Avec ou sans carte? Une présence variable dans les Annales

J'ai relevé, année après année, la production numérique de cartes présentes dans les Annales des Mines, laissant de côté les deux premières décennies révolutionnaire et post révolutionnaires qui marquent le lancement de la parution (la première véritable carte contenue dans les Annales date de l'an IX), ainsi que la décennie présente qui n'est pas achevée. Qu'il s'agisse des cartes représentant la France, nationalement ou régionalement, ou des cartes représentant un partie du monde, les courbes sont heurtées. On voit manifestement s'opposer une période plutôt faste (jusqu'à la première guerre mondiale) à une période moins glorieuse. Plus précisément encore, les grandes années de production cartographique se situent, pour la France, des années 1820 à 1860 et pour le reste du monde, des années 1860 aux années 1920. A cette ère succède une série d'années très creuses, celles de l'entre-deux guerres, avant d'entamer la reprise, très brusque, de l'immédiate après guerre.
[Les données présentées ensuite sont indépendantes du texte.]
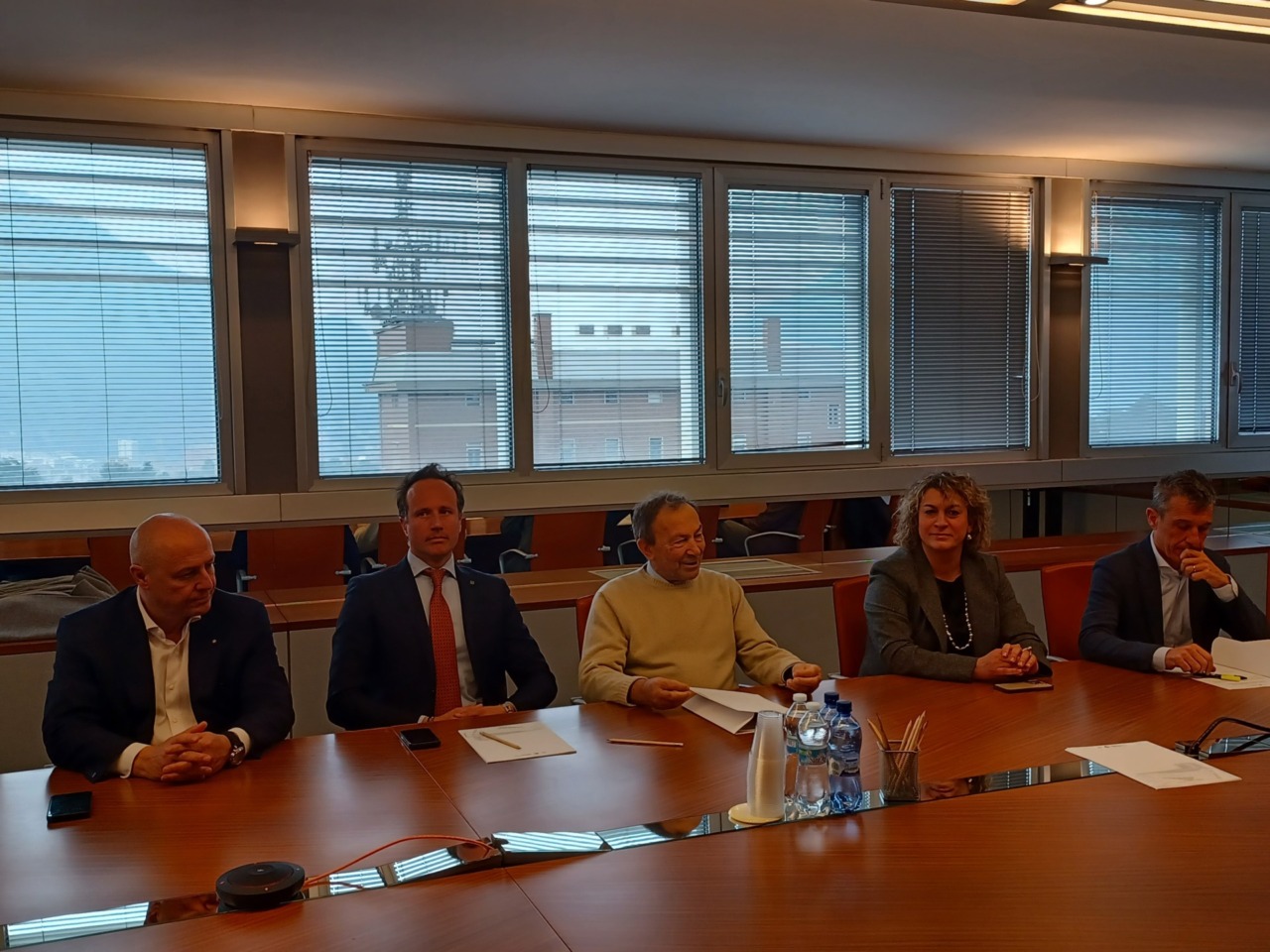 Intelligenza Artificiale nelle imprese lariane: lanciato il progetto pilota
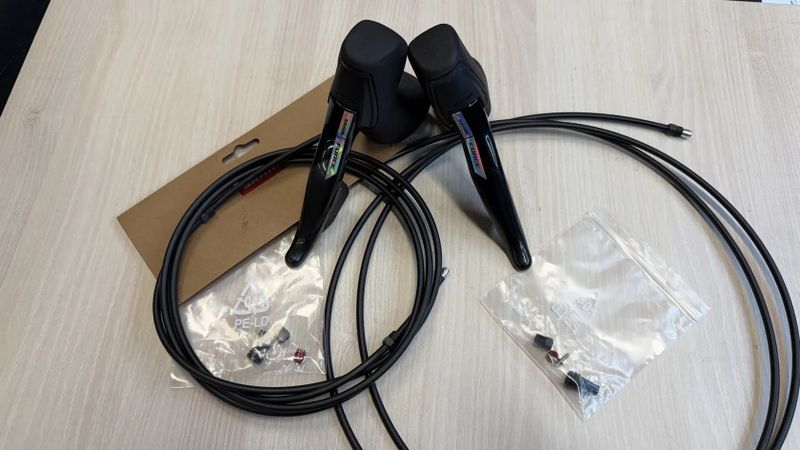 Páky Sram Force AXS & Hadice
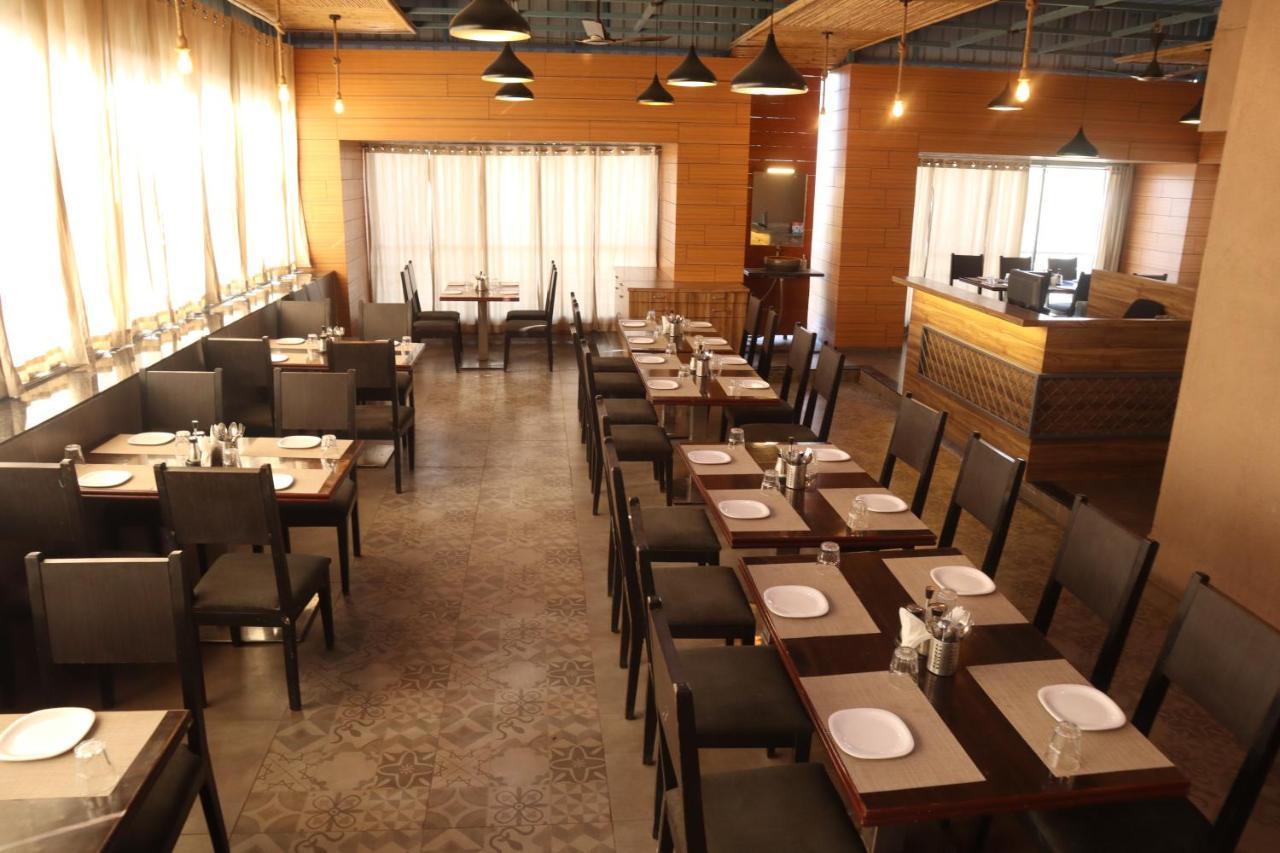 Hotel Grand Ecotel, Aurangabad Екстериор снимка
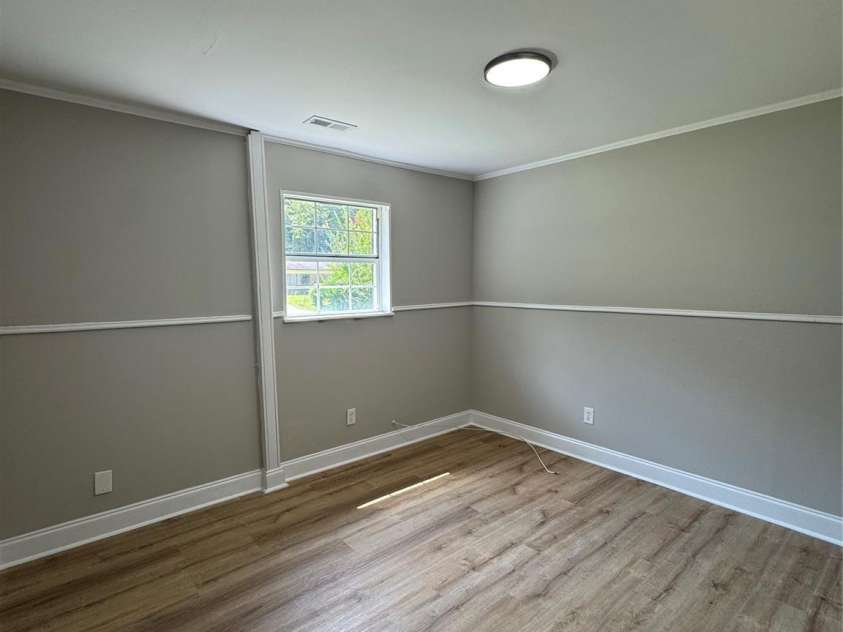 128 armstrong Lane, Gastonia, NC 28056.  MLS# CAR4292869, YatesRealty ID 32895. 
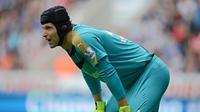 Kiper Arsenal asal Ceko, Petr Cech. (AFP PHOTO / Oli Scarff)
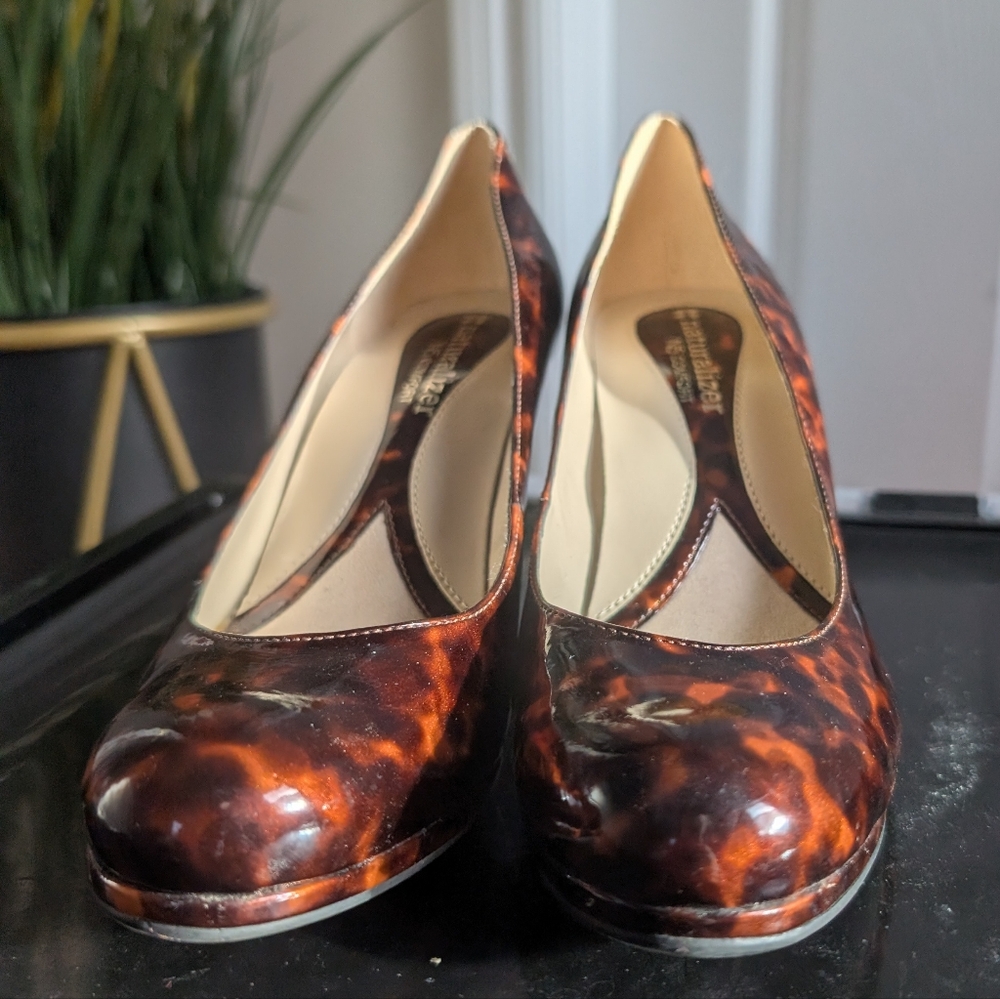Naturalizer Tortoiseshell Pattern Heels - Picture 5 of 5
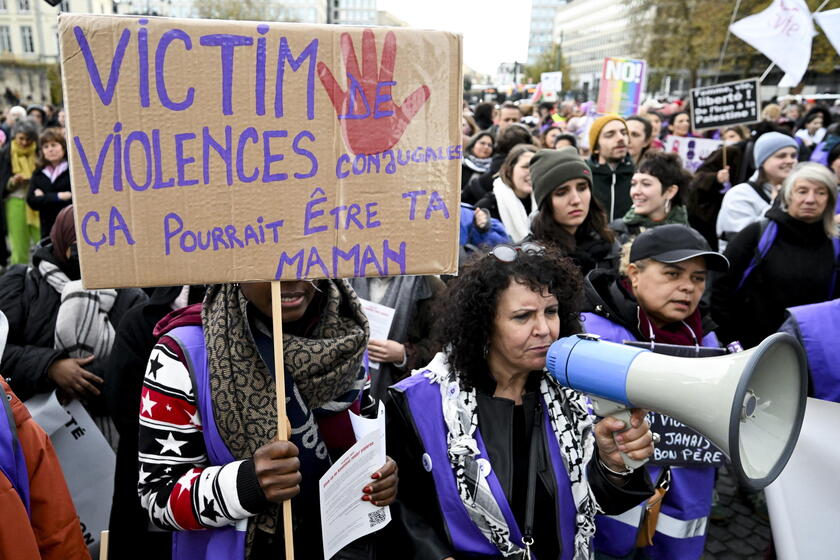 Le manifestazioni contro la violenza sulle donne nel mondo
Sans se demander si cet histogramme n'est pas un peu celui des Annales des Mines dans leur totalité, il reste à savoir quels étaient les types de cartes mis en oeuvre à chaque période, ce à quoi ils pouvaient servir, et quels types d'espaces privilégiés ils s'attachaient à représenter.

Au bonheur des cartes

Il existe effectivement différents types de cartes, chacune correspondant, de manière claire, à une «époque» de l'histoire des Annales. Les premières sont des dessins plus ou moins réalistes apparemment pris «sur le motif». Ils se donnent comme des levers de terrain relativement schématiques, très souvent accompagnés d'une représentation géométrique, presque d'une sorte d'exercice de dessin industriel à côté. Ces cartes et ces croquis s'intéressent aux silhouettes des reliefs, aux modelés du terrain, à la forme des minéraux qu'ils comparent à des structures régulières : cubes, cônes, cylindres. Ils apparaissent visiblement comme des exercices d'entraînement, d'habileté et d'ornement d'un texte, tendant à montrer que le savoir-faire cartographique se nourrit de sens artistique autant que de l'excellence d'une expérience technique. Le genre pictural des paysages influence par ailleurs fortement certaines planches, minutieusement gravées ou sculptées par des artisans du Quartier Latin dont les noms sont toujours inscrits : Adam, Renou, Lemaitre, Macquet, Courtier. Ces planches ont certainement un intérêt d'ordre muséographique et peuvent être le substrat d'une enquête épistémologique sur l'histoire de la mine et des chercheurs. Quant à l'intérêt pour les professionnels actuels, il semble faible. Les dénominations «pierre blanche», «ici banc rouge» augurent à la fois de la curiosité des chercheurs et de «l'état des sciences» minéralogiques et géologiques au début du XIX ème siècle, sciences que ces auteurs ont grandement contribué, par leurs travaux de terrain, à faire progresser.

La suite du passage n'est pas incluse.